FETÖ'nün dayandığı veya etkilediği toplumsal kesimleriyle aynı
zamanda ciddi bir sosyolojik olgu olduğunu söylemiştik. Tam da bu
boyutu yıllarca bir dizi akademisyenin de ilgisini çekti. Bir sivil
toplum hareketi, bir eğitim gönüllüsü hareket ve bilahare her alana
el atmış, her alanı örgütlemeye çalışan korporatist bir sosyal
iktidar hareketi olarak sosyal bilimcilerin ilgisini doğal olarak
çekmiş olan hareket hakkında yine de bu yaygınlığıyla ve etkisiyle
orantılı bir sosyal bilim literatürü oluşmuş değil.
Bunun en önemli sebeplerinden biri, hareketin kendisi hakkındaki
literatürün eğilimlerini, yönünü ve içeriğini belirleme konusundaki
aşırı müdahilliği. Bu müdahillik düzeyi Gülen hakkında ortaya çıkan
literatürün çok azı müstesna neredeyse tamamına yakınının adeta bir
Gülen güzellemesine dönüşmesine yol açmış durumda.

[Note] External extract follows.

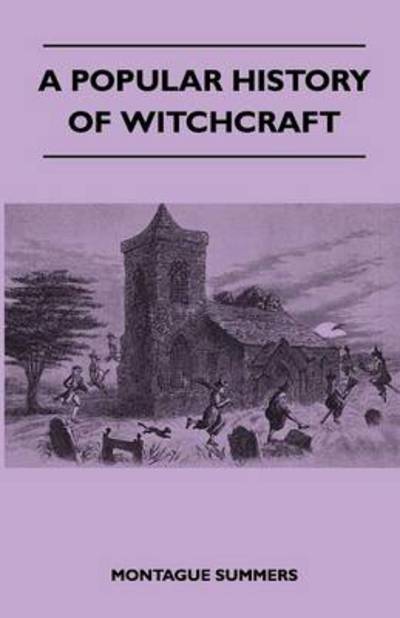 A Popular History of Witchcraft - Montague Summers - Livros - Martindell Press - 9781446541067 - 7 de março de 2011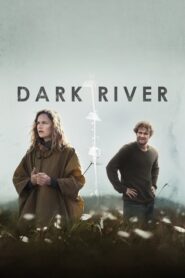 Dark River – Σκοτεινός Ποταμός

Bir kısmı tamamen FETÖ tarafından finanse edilen bu araştırmaların
bir kısmı da Gülencilerin olduklarından çok farklı ve tabii ki
istedikleri gibi görünmek konusunda sergiledikleri aşırı dikkatle
araştırmacıları yanıltmaları.
Şerif Mardin bir yerde Gülen hareketini çalışma konusunda
karşılaştığı bu zorluğu aynı şekilde ifade etmişti. Ona göre
harekete mensup olan insanlar bir sosyolojik araştırmacıyı kendi
halinde bırakmıyor, kendilerini açmıyor, herhangi bir konuda
gerçekten kendi düşündüklerini ifade etmek yerine araştırmacıyı
görünür bir biçimde manipüle etmeyi önceliyordu.
Gerçi bu manipüle edici tavrın bir sosyal bilimciye hareketi
anlamak konusunda mutlaka önemli bir izlenim de vermiş oluyordur,
ama sayıları milyonu aşan bir toplumsallığın sosyolojisini yapmak
konusunda ciddi bir zorluk çıkarmış olduğu da bir gerçek.
Bu konuda ortaya konmuş bir çok sosyal bilim çalışması, o yüzden,
hareketin FETÖ olarak tezahür etmesiyle birlikte tamamen
geçerliliğini kaybetmek durumunda kaldı. Çünkü hareket bu
çalışmalarda tamamen kendini dünyaya pazarlamak istediği gibi, bir
hoşgörü, diyalog, siyaset dışı bir sivil toplum ve gönüllülük
hareketi olarak yansıtmayı başarmıştı.